→ **WHAT THE EXERCISE ASKS**
Below is a block of entries; repeat exactly the lines starting at the line that contains "İp Askılı Elvis Elbise Gri" and ending at the line that contains "Westmann – Étagère", both included.

→ **EXERCISE DATA**
______________________________

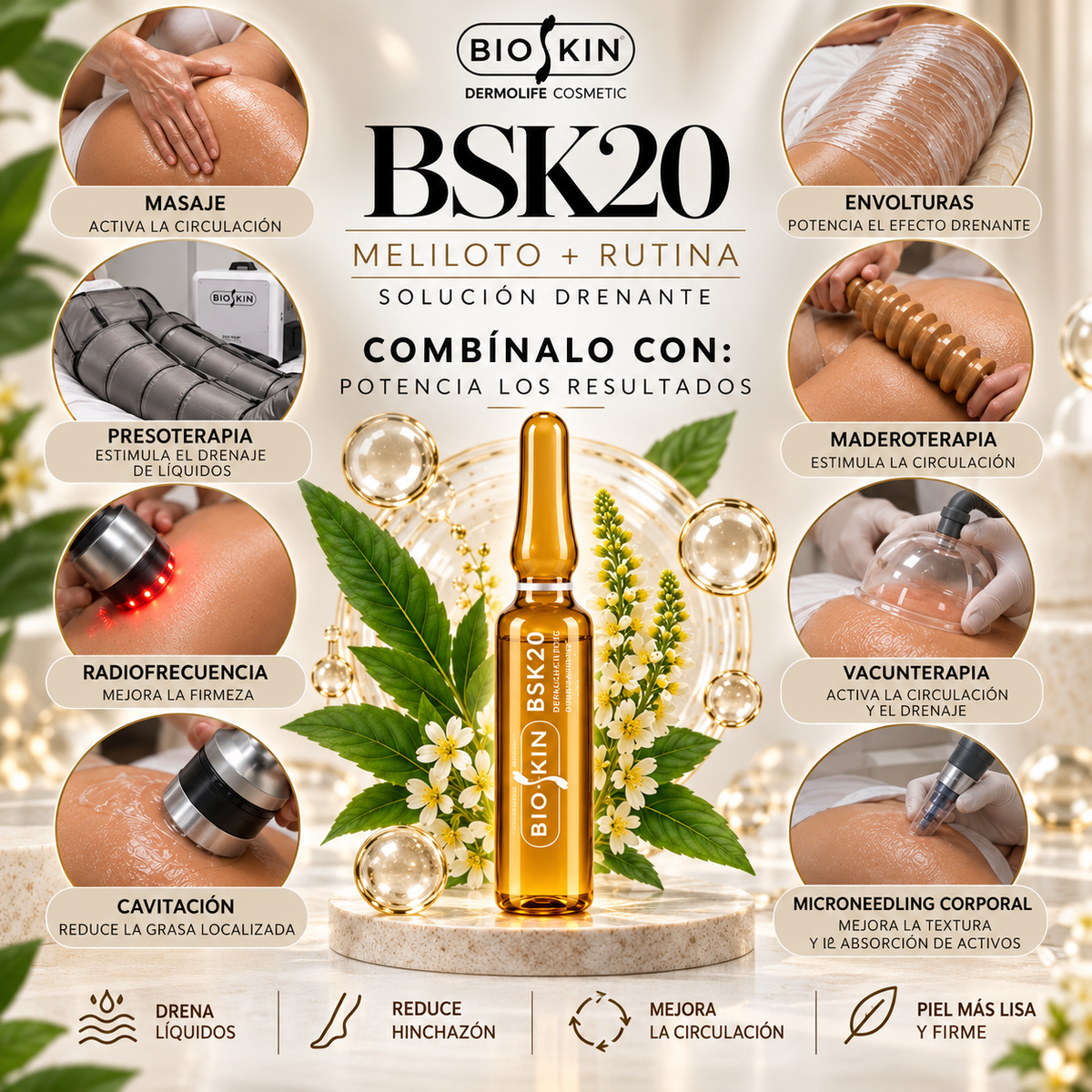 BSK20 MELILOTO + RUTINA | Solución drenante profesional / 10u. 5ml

______________________________

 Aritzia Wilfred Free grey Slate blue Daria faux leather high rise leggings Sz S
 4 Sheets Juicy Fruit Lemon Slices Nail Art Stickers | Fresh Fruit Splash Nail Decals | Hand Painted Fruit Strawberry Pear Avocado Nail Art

______________________________

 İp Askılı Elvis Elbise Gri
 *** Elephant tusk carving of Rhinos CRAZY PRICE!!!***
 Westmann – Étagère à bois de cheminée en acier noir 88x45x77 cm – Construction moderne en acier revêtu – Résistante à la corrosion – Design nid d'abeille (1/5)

______________________________

→ **WRITTEN ANSWER**
 İp Askılı Elvis Elbise Gri
 *** Elephant tusk carving of Rhinos CRAZY PRICE!!!***
 Westmann – Étagère à bois de cheminée en acier noir 88x45x77 cm – Construction moderne en acier revêtu – Résistante à la corrosion – Design nid d'abeille (1/5)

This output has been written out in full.